The short version: `qu` is designed for this — every inbound call is
mTLS-pinned at the application layer and gated by the cluster secret
— but defence in depth is cheap and you should take it.
## Threat model in one paragraph
Anyone on the internet can establish a TLS connection to `:9901`
because the daemon must accept handshakes from currently-untrusted
peers (otherwise no node could ever join). The RPC dispatcher then
rejects every method except `Join` for callers whose fingerprint
isn't in `trust.yaml`. `Join` itself is gated by the **cluster
secret**, compared in constant time. So the realistic attack surface
is:
1. The TLS 1.3 stack accepting handshakes from arbitrary peers.
2. The `Join` handler's secret check and downstream cert ingestion.
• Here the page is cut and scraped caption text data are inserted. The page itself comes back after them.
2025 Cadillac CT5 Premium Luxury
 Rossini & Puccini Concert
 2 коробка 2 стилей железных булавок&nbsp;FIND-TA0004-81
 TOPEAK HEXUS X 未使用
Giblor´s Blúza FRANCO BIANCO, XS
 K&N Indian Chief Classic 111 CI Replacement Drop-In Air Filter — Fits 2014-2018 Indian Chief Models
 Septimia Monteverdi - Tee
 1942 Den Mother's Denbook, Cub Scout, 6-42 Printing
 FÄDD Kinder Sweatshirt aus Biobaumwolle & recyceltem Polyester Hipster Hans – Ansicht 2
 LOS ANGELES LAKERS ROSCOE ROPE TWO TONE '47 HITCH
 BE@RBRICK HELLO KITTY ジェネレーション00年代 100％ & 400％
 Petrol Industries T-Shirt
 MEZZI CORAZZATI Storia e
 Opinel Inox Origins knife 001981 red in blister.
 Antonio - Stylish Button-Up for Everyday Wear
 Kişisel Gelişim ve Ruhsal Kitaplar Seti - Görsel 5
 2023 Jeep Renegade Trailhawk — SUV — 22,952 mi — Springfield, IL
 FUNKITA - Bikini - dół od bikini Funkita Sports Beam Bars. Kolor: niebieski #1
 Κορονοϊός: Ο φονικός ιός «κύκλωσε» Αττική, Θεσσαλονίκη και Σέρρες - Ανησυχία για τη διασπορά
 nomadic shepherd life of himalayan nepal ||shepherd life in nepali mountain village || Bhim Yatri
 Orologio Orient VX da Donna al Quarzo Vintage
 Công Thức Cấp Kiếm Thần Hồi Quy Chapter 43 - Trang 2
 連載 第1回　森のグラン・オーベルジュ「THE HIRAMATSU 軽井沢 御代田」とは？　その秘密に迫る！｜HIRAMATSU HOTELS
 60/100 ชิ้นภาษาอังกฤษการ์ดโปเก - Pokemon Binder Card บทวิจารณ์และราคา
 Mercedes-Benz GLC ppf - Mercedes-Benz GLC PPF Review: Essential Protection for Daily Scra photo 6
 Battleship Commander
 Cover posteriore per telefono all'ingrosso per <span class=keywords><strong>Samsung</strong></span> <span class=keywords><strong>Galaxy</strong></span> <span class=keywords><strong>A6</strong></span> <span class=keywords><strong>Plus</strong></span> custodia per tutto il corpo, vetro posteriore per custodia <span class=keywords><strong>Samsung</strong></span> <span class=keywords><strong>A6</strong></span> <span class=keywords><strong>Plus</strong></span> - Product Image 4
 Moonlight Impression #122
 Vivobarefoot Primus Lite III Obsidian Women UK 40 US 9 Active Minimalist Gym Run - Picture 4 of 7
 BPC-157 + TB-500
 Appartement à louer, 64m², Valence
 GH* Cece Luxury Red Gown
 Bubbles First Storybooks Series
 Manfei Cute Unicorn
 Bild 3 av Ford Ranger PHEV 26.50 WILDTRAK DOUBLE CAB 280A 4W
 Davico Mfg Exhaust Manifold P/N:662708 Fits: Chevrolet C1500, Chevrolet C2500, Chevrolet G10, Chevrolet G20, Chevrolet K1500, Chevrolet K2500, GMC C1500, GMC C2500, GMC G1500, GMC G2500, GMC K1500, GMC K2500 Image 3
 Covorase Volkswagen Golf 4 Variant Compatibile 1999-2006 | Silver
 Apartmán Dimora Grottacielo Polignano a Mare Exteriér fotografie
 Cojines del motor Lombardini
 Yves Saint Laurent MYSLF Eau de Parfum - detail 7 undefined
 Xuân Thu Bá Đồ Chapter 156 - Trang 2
3. The blast radius of a leaked cluster secret (an attacker who has
it can enrol themselves as a peer and propose mutations, which is
game over).
What can't trivially happen:
- A random attacker observing or modifying cluster traffic — TLS 1.3
with fingerprint pinning sees to that.
- A random attacker calling any method other than `Join` — the RPC
dispatcher refuses.
What you should still do:
- Treat `node.yaml.cluster_secret` like an SSH host key. Out-of-band
distribution only. Never in git, never in CI logs, never in chat.
- Rate-limit and IP-allowlist where you can. The `Join` handler does
not currently rate-limit at the application layer, so a determined
attacker could try secrets at TLS-handshake rate.
- Run on a non-default port if your operations workflow allows it.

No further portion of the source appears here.